Les représentants des avocats ont en revanche jugé risquée l'introduction de la notion d'« environnement » dans une disposition pénale, craignant que le flou de la notion et la difficulté d'obtenir des témoignages univoques attestant de la dégradation du climat ne risquent de s'avérer contreproductifs et d'aboutir à des relaxes.
c) Circonstances aggravantes
L'ancien article 222-33 du code pénal ne prévoyait pas de circonstances aggravantes pour le délit de harcèlement sexuel.
Les propositions de loi n° 536 (2011-2012) de M. Philippe Kaltenbach, n° 539 (2011-2012) de M. Roland Courteau, n° 556 (2011-2012) de Mme Muguette Dini, n° 558 (2011-2012) de Mme Brigitte Gonthier-Maurin, et n° 565 (2011-2012) de Mme Chantal Jouanno ont prévu des circonstances aggravantes ayant pour effet de relever les peines de 1 à 3 ans d'emprisonnement et de 15 000 à 45 000 euros d'amende.
La proposition de loi n° 579 (2011-2012) de Mme Esther Benbassa, et le projet de loi du Gouvernement prévoient un double dispositif de relèvement des peines qui les porte respectivement à 2 ans et 3 ans d'emprisonnement et à 30 000 et 45 000 euros d'amende.
Un large consensus s'est dégagé pour considérer que l'abus d'autorité, qui était jusqu'en 2002 l'un des éléments constitutifs de l'infraction devait dorénavant être considéré comme une circonstance aggravante.

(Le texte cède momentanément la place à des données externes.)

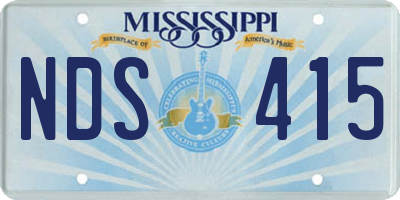 MS license plate NDS415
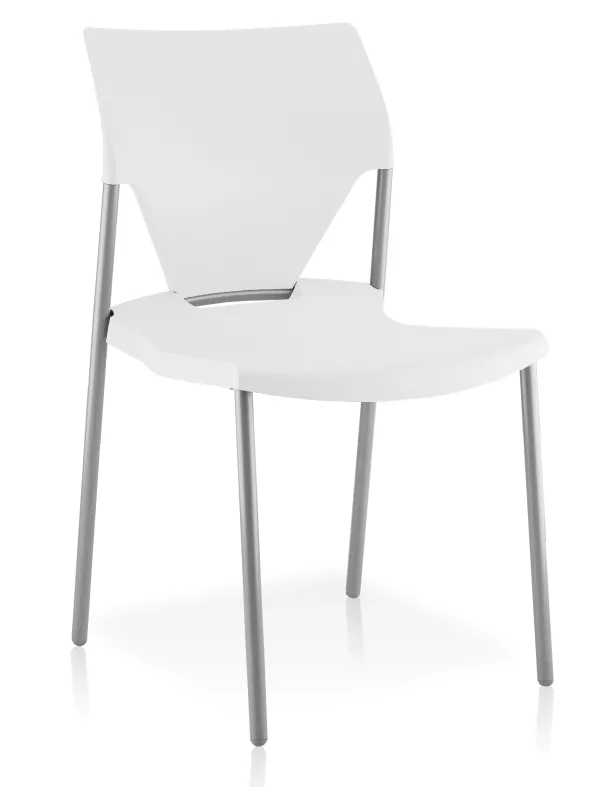 Chaise 4 pieds Ioko - polypropylène - sans placet - piétement époxy gris aluminium - empilable - lot de 4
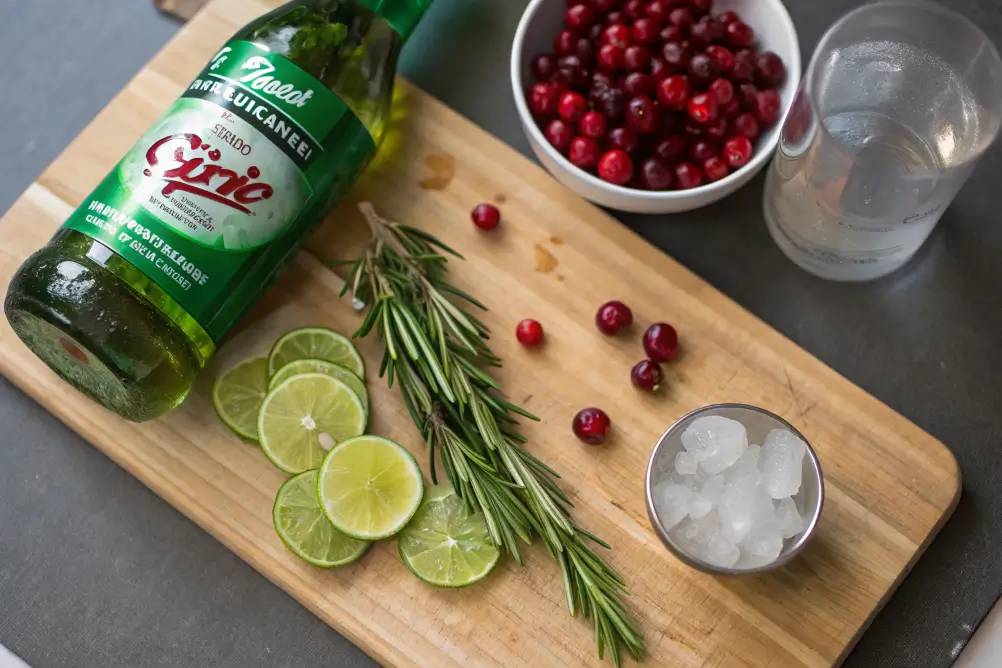 Ingredients for cranberry and Sprite mocktail on a cutting board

Le groupe de travail a également retenu d'autres circonstances aggravantes : le fait que la victime soit mineure, sa vulnérabilité, le fait que le délit soit commis à plusieurs.
En revanche, il n'a pas retenu comme circonstance aggravante le fait que l'infraction soit commise sous la menace d'une arme ou d'un animal, considérant que les faits devaient alors relever d'une incrimination plus lourde : violences, atteintes ou agressions sexuelles.
La délégation recommande à son tour de retenir comme des circonstances aggravantes du délit de harcèlement sexuel l'abus d'autorité, la minorité de la victime ou son état de vulnérabilité physique, psychique, sociale ou économique et le fait que celui-ci soit commis à plusieurs personnes.
3. Un effort de coordination
Des divergences plus ou moins importantes ont longtemps subsisté entre les définitions du harcèlement sexuel respectivement données par le code pénal, le code du travail et l'article 6 ter de la loi n° 83-634 du 13 juillet 1983 portant droits et obligations des fonctionnaires.
Dans un souci de clarté et d'intelligibilité de la loi, votre délégation juge indispensable, à l'occasion de l'élaboration de la nouvelle définition du délit de harcèlement sexuel, de procéder à un alignement des définitions figurant dans les différents codes et textes de référence et, en particulier, dans la loi du 13 juillet 1983 portant droits et obligations des fonctionnaires. Cette coordination doit être effectuée par un renvoi à la définition donnée dans le code pénal.
L'ensemble des propositions de loi sénatoriales s'est attaché, suivant des modalités diverses, à cet effort de coordination mais le projet de loi gouvernemental, qui propose des modifications nécessaires dans le code pénal et le code du travail applicables à Mayotte, n'envisage aucune actualisation de la loi du 13 juillet 1983, faute d'avoir pu procéder aux consultations préalables nécessaires. Il va de soi, pour votre délégation, que l'administration et la sphère publique ne peuvent être laissées de côté dans cette réforme.